Газ как-то мы с тетушкой вдвоем спокойно сидели у камина, когда ей подали записку от Шамболя, извещавшего о своем приезде в Лион. Не смея придти к нам, он писал, что вечером придет на площадь таможни, в надежде, что к нему выйдут туда на встречу. С его стороны было крайне неосторожно доверяться таким образом городской почте, но Бог хранил его. Как только тетушка прочитала письмо, тотчас послала меня за отцом, ушедшим из дому на весь вечер. Я объяснила, что ему необходимо поскорее вернуться домой, и почему; он сейчас же отправился в указанный постоялый двор и спросил молодого человека, приехавшего накануне и искавшего места слуги. Брата не было дома. Отец оставил ему записку с наставлением, что он должен делать. Я довольно долго прогуливалась на площади, вглядываясь во всех проходящих, но Шамболя не дождалась. Встревоженные таким замедлением, мы говорили друг другу: "Что с ним случилось?" Между тем стемнело, а его все не было. Наконец, около 10 часов, послышались чьи-то шаги на лестнице; полуоткрытая дверь растворилась; это он! Но как изменился! "Где же ты был?" спросил его отец. -- "В театре смотрел комедию", отвечал брат. "Комедию! С какой же стати идти в театр", возразил отец сердито. -- "Не смея явиться к вам, я надеялся раньше встретить вас там; мое сердце и взоры искали вас повсюду". -- Этот ответ смягчил отца. Театральное зрелище плохо вязалось с нашим нетерпеливым ожиданием и беспокойством; но юность брата, привычка к опасностям, от которых ему удавалось так счастливо избавляться, внушали ему беспечность, которой мы не могли разделять.

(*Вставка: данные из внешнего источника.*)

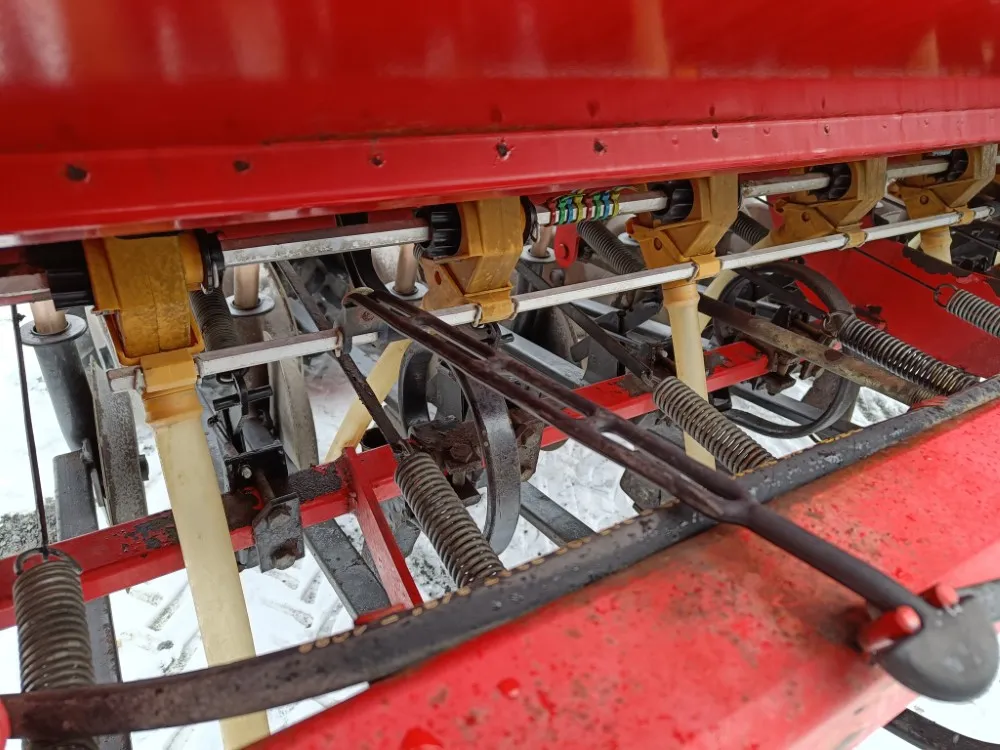 Junkkari Simulta S3000T / takapyöräkone kiekkovantailla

Он провел у нас три дня и три ночи, точно под арестом, оставаясь нашим пленником, на котором сосредоточились нежнейшие наши заботы и живейшие опасения. В то время эмигрант был очень опасным лицом. Эмигрант носил с собой смерть; он сам ей подвергался и подвергал ей всех, кто приближался к нему. Г. Мазюйе и тут оказал помощь отцу моему, предложив дать [45] Шамболю работу на стеклянной фабрике в Рив-де-Жие, принадлежавшей ему. Брата тотчас отправили туда под вымышленным именем в звании приказчика. Через несколько времени де-Герио, этот дорогой друг семьи нашей, в то время еще командовавши артиллерией города, выдал ему вид комиссара при артиллерийском парке, с поручением сделать закупки железа и угля для лионского арсенала, что объясняло пребывание брата в Рив-де-Жие. Шамболь не являлся более к нам, чтоб избежать двойной опасности -- встретиться со знакомыми и быть узнанным вследствие большего сходства с нами.